# [Work instructions]
Please return exactly the lines below that run from the line with "ถ้าถูกสุนัขวิ่" through the end of the listing, both included, but not the pictures.

# [Recorded data]
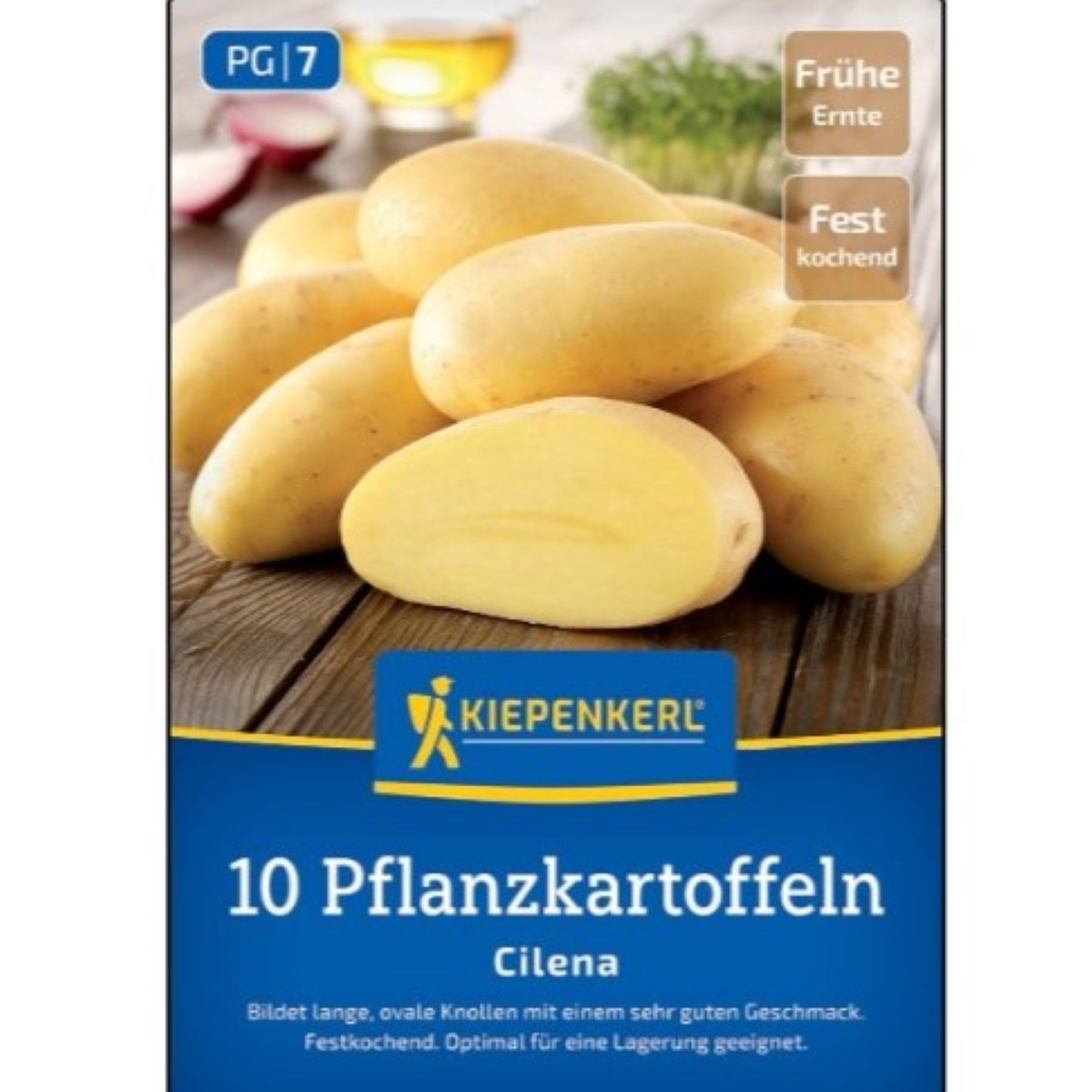 Sadbové brambory Cilena - Solanum tuberosum - Kiepenkerl - sadba - 10 ks
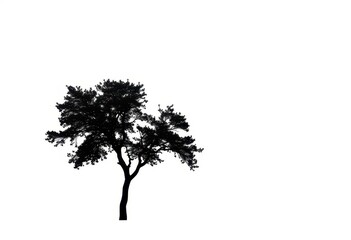 Single, majestic tree silhouetted against a pure white backdrop, autumn, sky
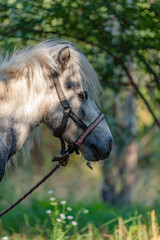 Vertical portrait of a close-up of the head and neck of a gray pony grazing outdoors, illuminated by the sun.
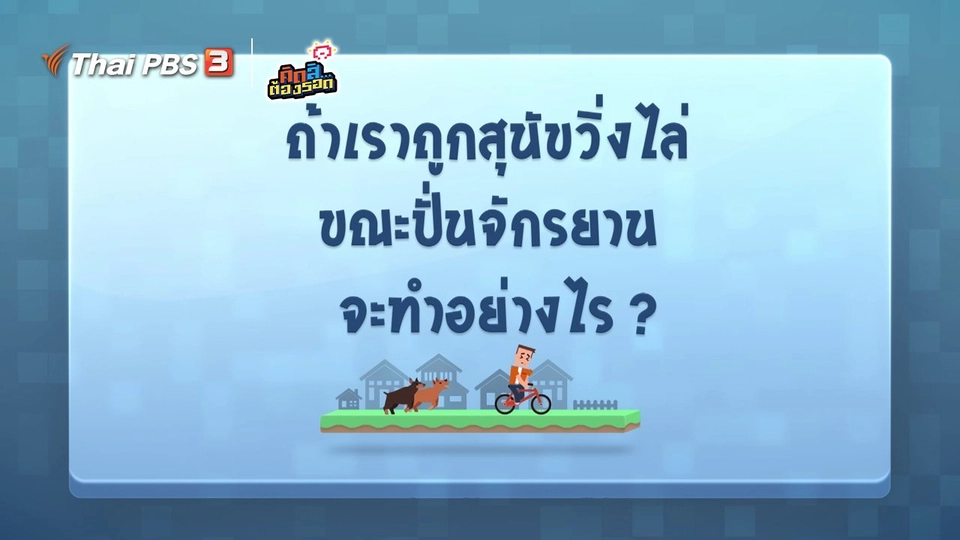 ถ้าถูกสุนัขวิ่งไล่ขณะปั่นจักรยาน จะทำอย่างไร?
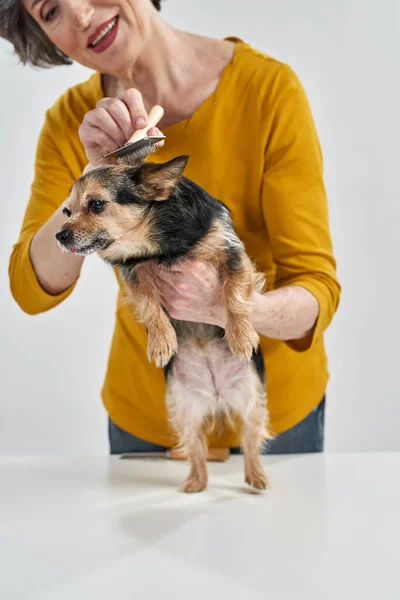 Неясное лицо женщины, расчесывающей волосы собаки Чихуахуа — стоковое фото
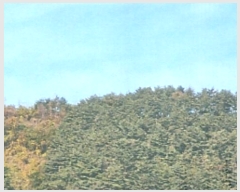  2024Ÿ54937    ܸ 944-98      (Ӿ)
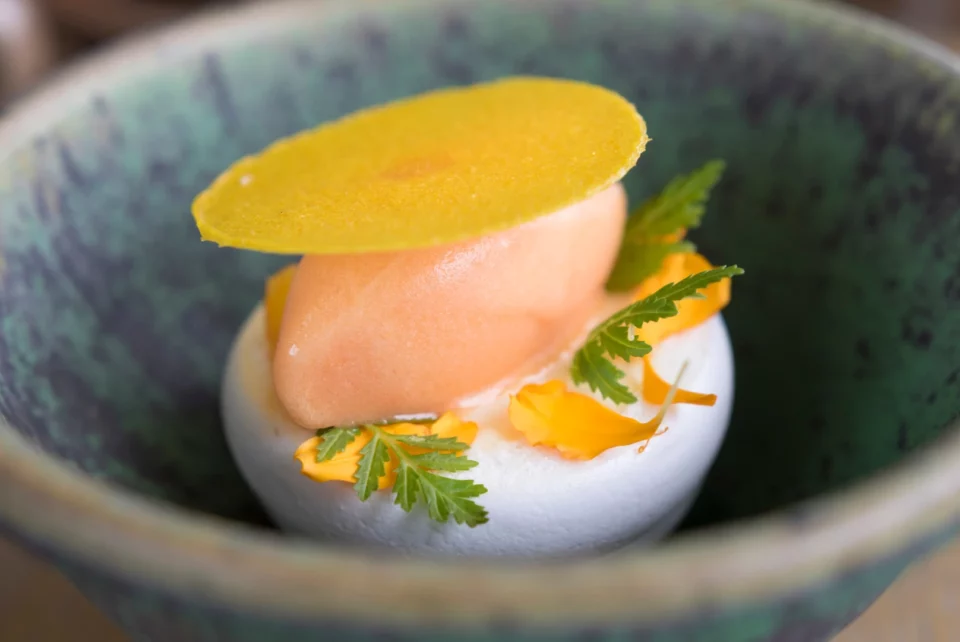 The Feline Guide to Fine Dining: Tips for Cat Owners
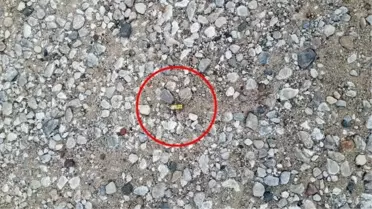 İyi Parti Eski İlçe Başkanı Silahlı Saldırıda Yaralandı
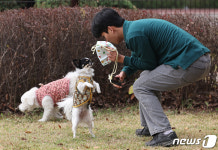 김포국제공항에 반려동물쉼터 펫파크 개장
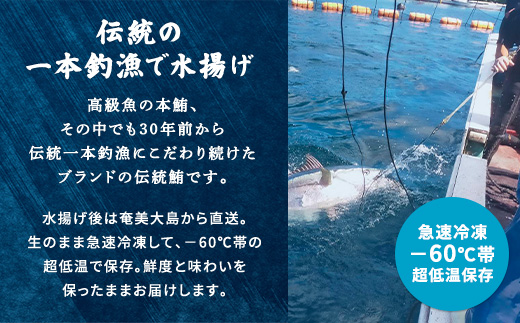 奄美大島 伝統鮪 厚切り 中トロ（2柵 各250g）セット 柵 冷凍 鮪 まぐろ 海鮮 刺し身 お刺身 さしみ 生食用 中トロ 鹿児島県 奄美大島 宇検村 中トロ 2柵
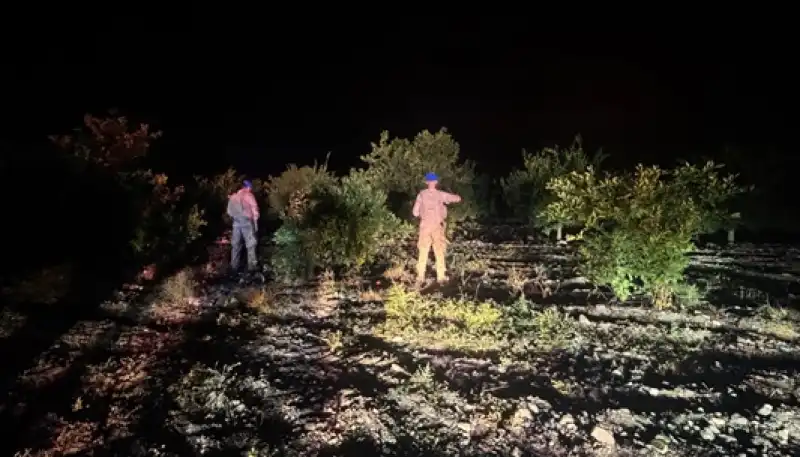 Erzin'de Jandarma Ekipleri Narenciye Bahçelerinde Tedbirlerini Arttırdı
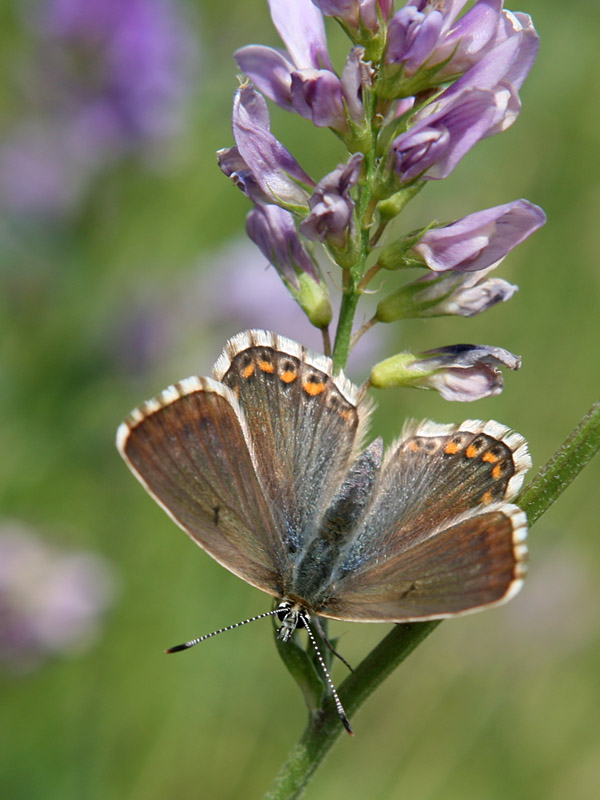 Polyommatus coridon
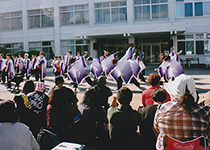 大学祭りの呼び物　全県各地からのヤートセの競演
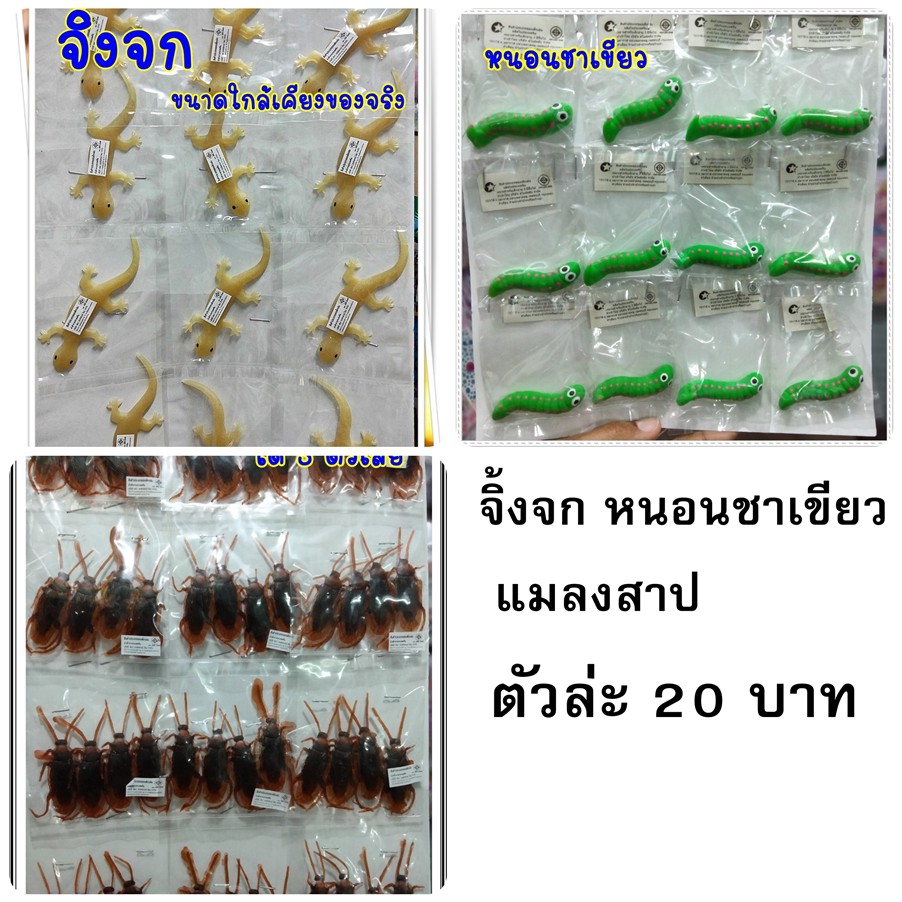 จิ้งจก หนอนชาเขียว แมลงสาป ตัวละ​20​บาท​ขนาดใกล้เคียงของจริง ของเล่นแมว ดี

# [Written response]
 ถ้าถูกสุนัขวิ่งไล่ขณะปั่นจักรยาน จะทำอย่างไร?
 Неясное лицо женщины, расчесывающей волосы собаки Чихуахуа — стоковое фото
  2024Ÿ54937    ܸ 944-98      (Ӿ)
 The Feline Guide to Fine Dining: Tips for Cat Owners
 İyi Parti Eski İlçe Başkanı Silahlı Saldırıda Yaralandı
 김포국제공항에 반려동물쉼터 펫파크 개장
 奄美大島 伝統鮪 厚切り 中トロ（2柵 各250g）セット 柵 冷凍 鮪 まぐろ 海鮮 刺し身 お刺身 さしみ 生食用 中トロ 鹿児島県 奄美大島 宇検村 中トロ 2柵
 Erzin'de Jandarma Ekipleri Narenciye Bahçelerinde Tedbirlerini Arttırdı
 Polyommatus coridon
 大学祭りの呼び物　全県各地からのヤートセの競演
 จิ้งจก หนอนชาเขียว แมลงสาป ตัวละ​20​บาท​ขนาดใกล้เคียงของจริง ของเล่นแมว ดี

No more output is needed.